*** Supplied data Section Begins ***

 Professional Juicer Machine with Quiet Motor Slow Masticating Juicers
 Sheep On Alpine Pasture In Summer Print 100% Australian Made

*** Supplied data Section Ends ***
*** Supplied data Section Begins ***

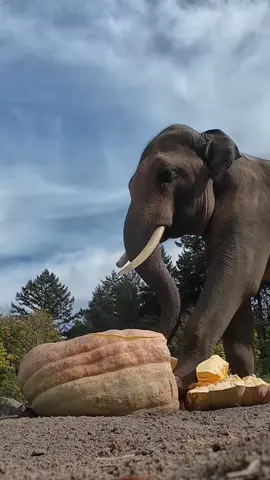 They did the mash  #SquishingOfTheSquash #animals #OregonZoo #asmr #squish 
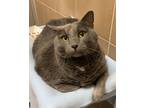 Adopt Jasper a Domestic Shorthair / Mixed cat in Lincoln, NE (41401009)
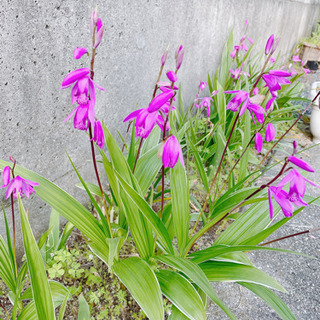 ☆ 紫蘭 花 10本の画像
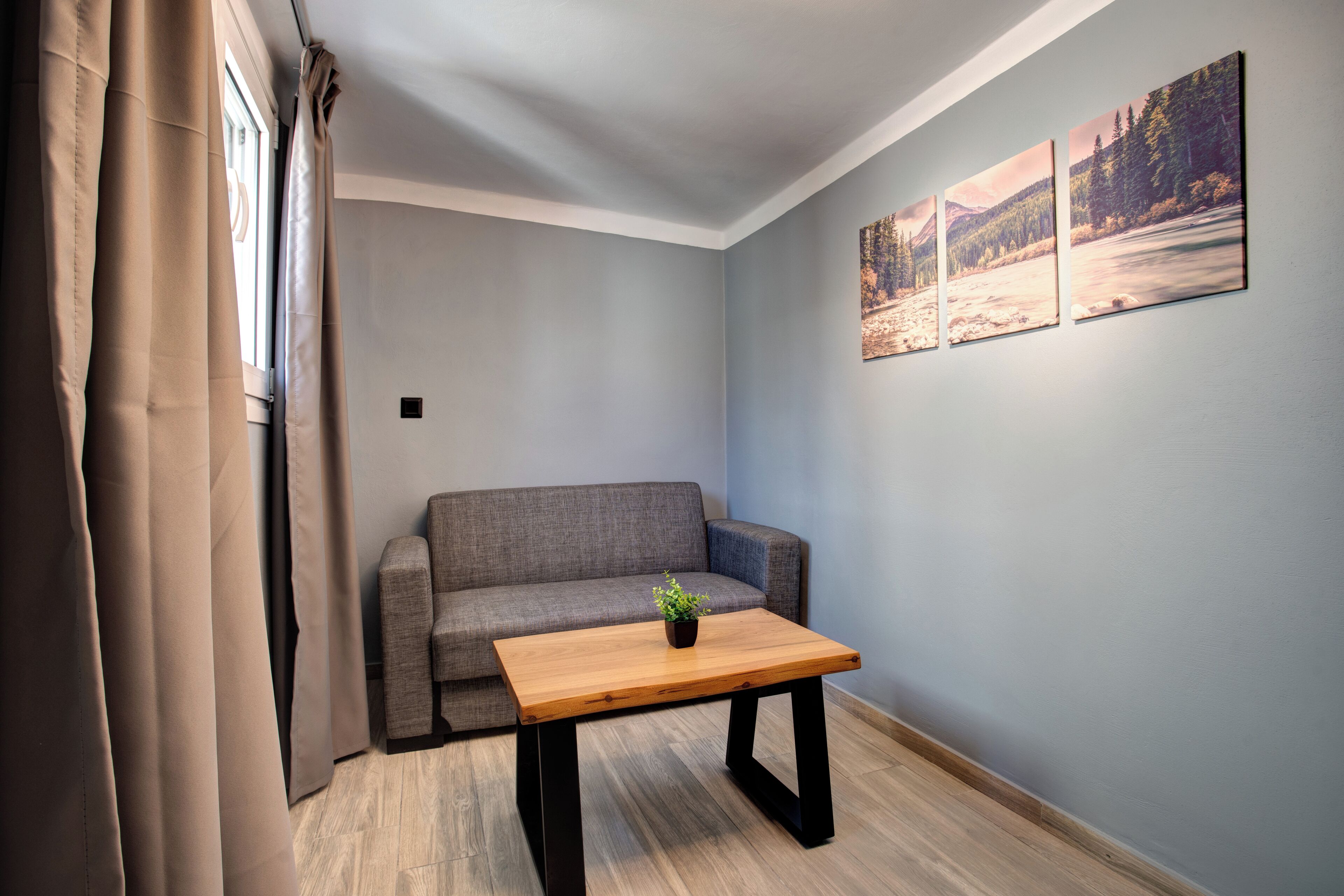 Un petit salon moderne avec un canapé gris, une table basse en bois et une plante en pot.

*** Supplied data Section Ends ***

# Activity
Would you print exactly the lines in the listing above, from the line bearing "They did the" through the line bearing "Un petit salon", leaving out all pictures?

# Response box
 They did the mash  #SquishingOfTheSquash #animals #OregonZoo #asmr #squish 
 Adopt Jasper a Domestic Shorthair / Mixed cat in Lincoln, NE (41401009)
 ☆ 紫蘭 花 10本の画像
 Un petit salon moderne avec un canapé gris, une table basse en bois et une plante en pot.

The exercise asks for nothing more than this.